Regarding snow goggles, it’s easy for brands to make claims about lens clarity, contrast, and color. It’s much harder to verify those claims in the real world. Frankly, much snow goggle testing and validation comes down to personal experience and preference.
I personally use a lot of snow goggles. As part of our ongoing tests for Buyer’s Guides, I use a few pairs each season extensively. The Sweet Protection Durden RIG Reflect Goggles have risen to the top of the heap over 2 years of testing.
In short: The Sweet Protection Durden RIG Reflect Snow Goggle has a minimal frame, large field of vision, and exceptional lenses. After 2 years of regular use, my test pair is still in excellent condition and free of scratches. I’ve experienced minimal fogging and good vision even in flat light conditions.
- Face size Medium to large
- Interchangeable lens Yes
- Lens shape Cylindrical
- Strap No-slip silicone
- Case Included microfiber bag
- Manufacturer warranty 2 years
- Strap placement enhances comfort and fit
- Seemingly fogproof
- Good contrast in flat light
- May be too large for smaller faces
- Well ventilated, may be chilly on very cold days
Sweet Protection Durden RIG Reflect Goggles Review
The Sweet Protection Durden RIG snow goggle has been part of my go-to ski kit for two seasons. It’s still going strong.
To test the Sweet Protection Durden RIG Reflect Goggles ($150), I used them alpine skiing for two winters, mostly in Colorado and Utah. This pair of ski goggles saw at least 20 days of use in conditions ranging from warm, sunny bluebird conditions to full-on storm skiing in whiteouts.
They’ve done very well across the spectrum. Because the lens is the heart and soul of goggles, let’s begin there.
“RIG” stands for Retina Illumination Grading. The brand claims it results in increased contrast and minimal color distortion. I’m going to stop right there and say, well, that’s a lot of big words, but it seems to work well. In my long-term test, these goggles, which carry a moderate retail price, consistently earned a spot on my face ahead of many other test goggles from many brands.

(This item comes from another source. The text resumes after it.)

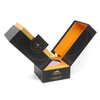 Custom Luxury Double Door Rigid Packaging Box for Single 750ml Red Wine Bottle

One of the biggest points of differentiation, the Sweet Protection engineers moved the strap to the outside of the frame on the Durden. This makes these larger-scope goggles sit more flush with the face. Yet the frame around the lens is a bit more minimal compared to other more cumbersome goggle designs we’ve used over the years.
They have a large no-slip silicone strap and work very well with Sweet Protection helmets. Check the compatibility with your own helmet if possible before using these on the slopes. Note, as well, that this goggle only comes in one size, so it is limiting in that regard.
Durable and Fogproof
I mentioned how pristine and clear these goggles have been over back-to-back ski seasons. First off, the foam that lines the vents around the entire parameter of the frame is laminated, which seems to support the material’s preservation.
The lens is also injected with an oleophobic and a hydrophobic coating, which shields the surface from oils — say, from your hands while swapping out the lens — and water smears or fog. Whatever that treatment is, it seems to work.
Sweet Protection Durden RIG: A Great Choice at a Fair Price
The Durden RIG is by no means a cheap goggle. While it includes a microfiber bag, the bundle only includes one lens. But it hits a fair price and is among the best goggles I’ve tested for comfort, durability, and lens quality.
These are a larger goggle, so are most fitting for people with medium to large faces. Those who need a small goggle should look elsewhere.
But if they work well on your face and with your ski helmet, the Durden RIG is a top choice. Consider these to be one of the best goggles on the market for downhill skiing, snowmobiling, and any time you need goggles in snowy terrain.